● AVAILABLE DATA
_ _ _ _ _ _ _
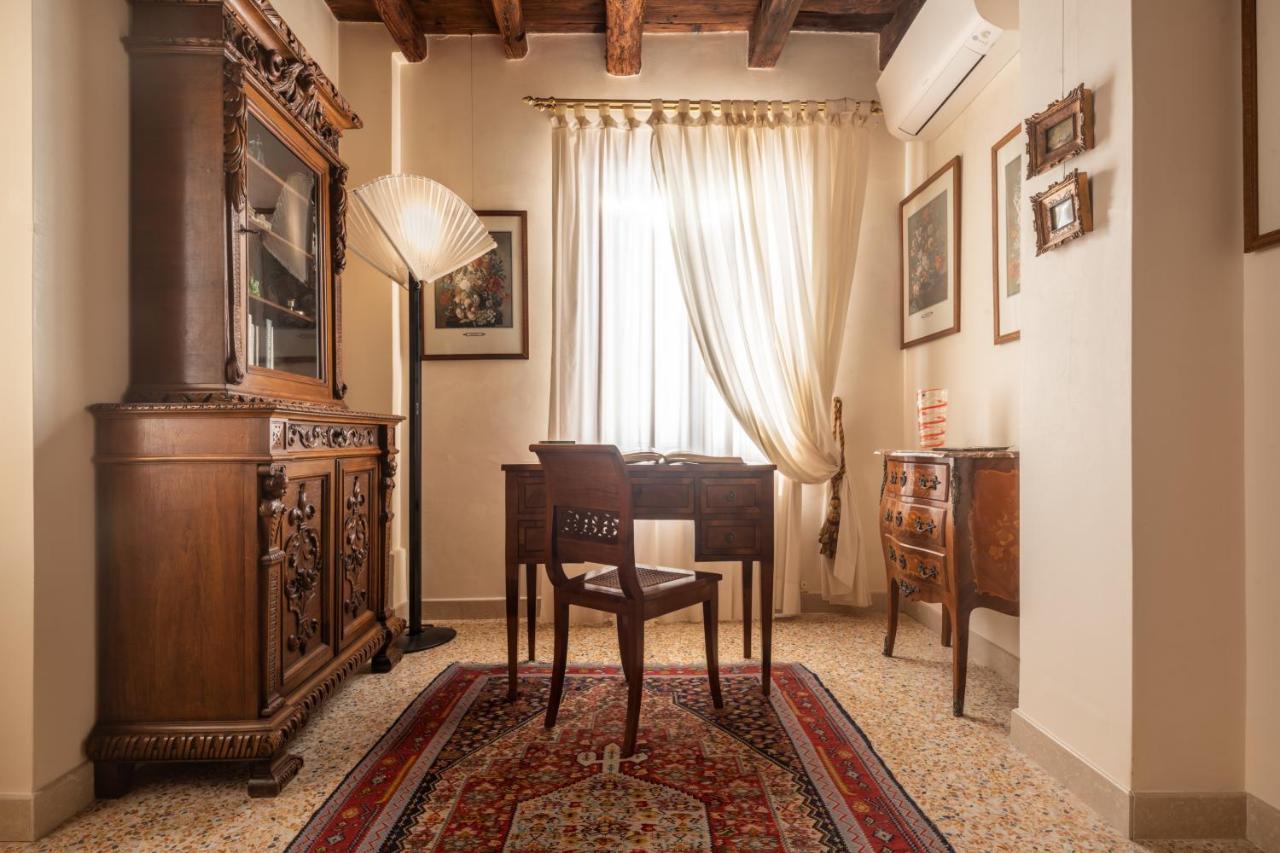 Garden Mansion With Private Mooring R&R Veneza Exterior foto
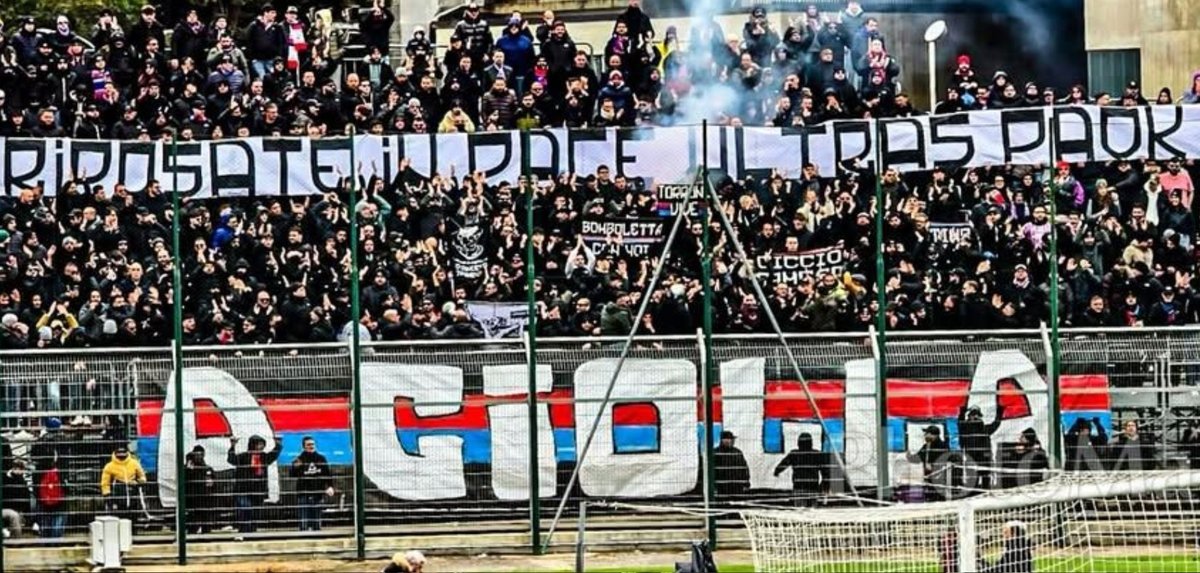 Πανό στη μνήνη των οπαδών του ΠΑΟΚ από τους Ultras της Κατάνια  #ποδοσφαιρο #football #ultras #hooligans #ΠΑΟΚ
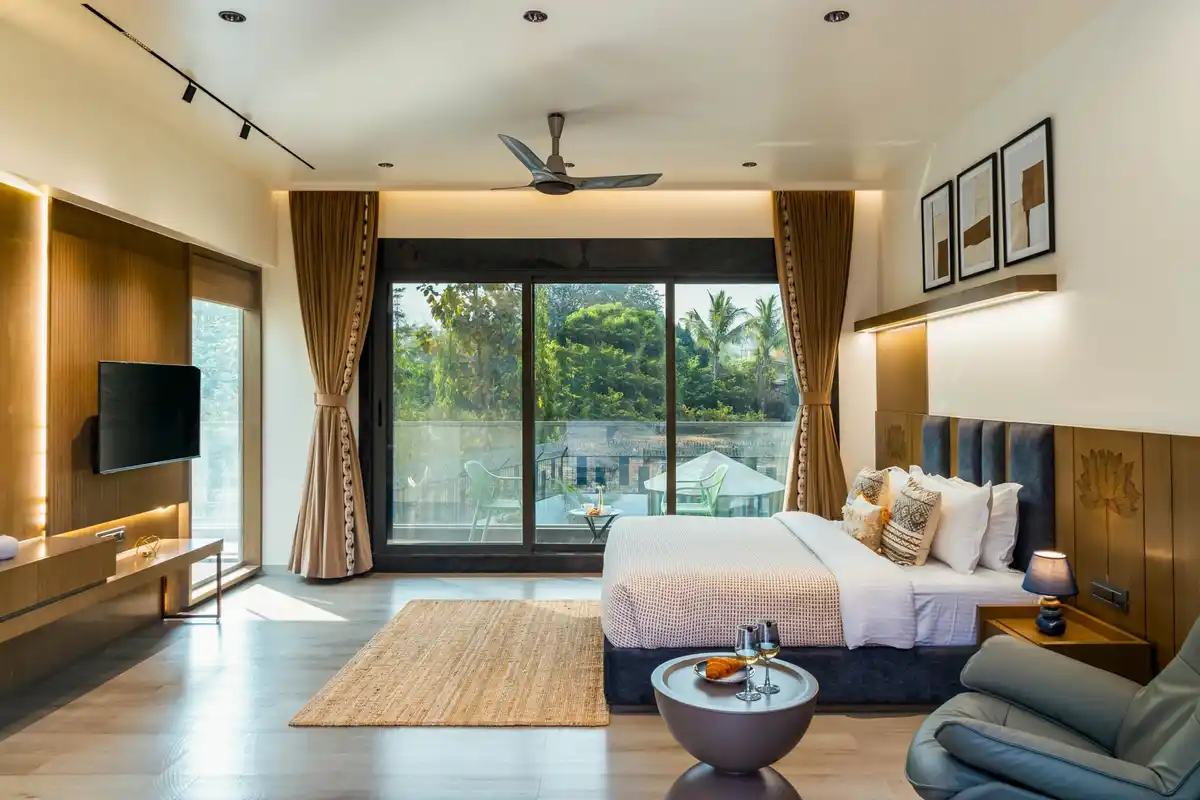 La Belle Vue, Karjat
_ _ _ _ _ _ _
● TASK ITEM
Could you repeat each line above exactly as written? Omit the pictures.

● PROBLEM SOLUTION
 Garden Mansion With Private Mooring R&R Veneza Exterior foto
 Πανό στη μνήνη των οπαδών του ΠΑΟΚ από τους Ultras της Κατάνια  #ποδοσφαιρο #football #ultras #hooligans #ΠΑΟΚ
 La Belle Vue, Karjat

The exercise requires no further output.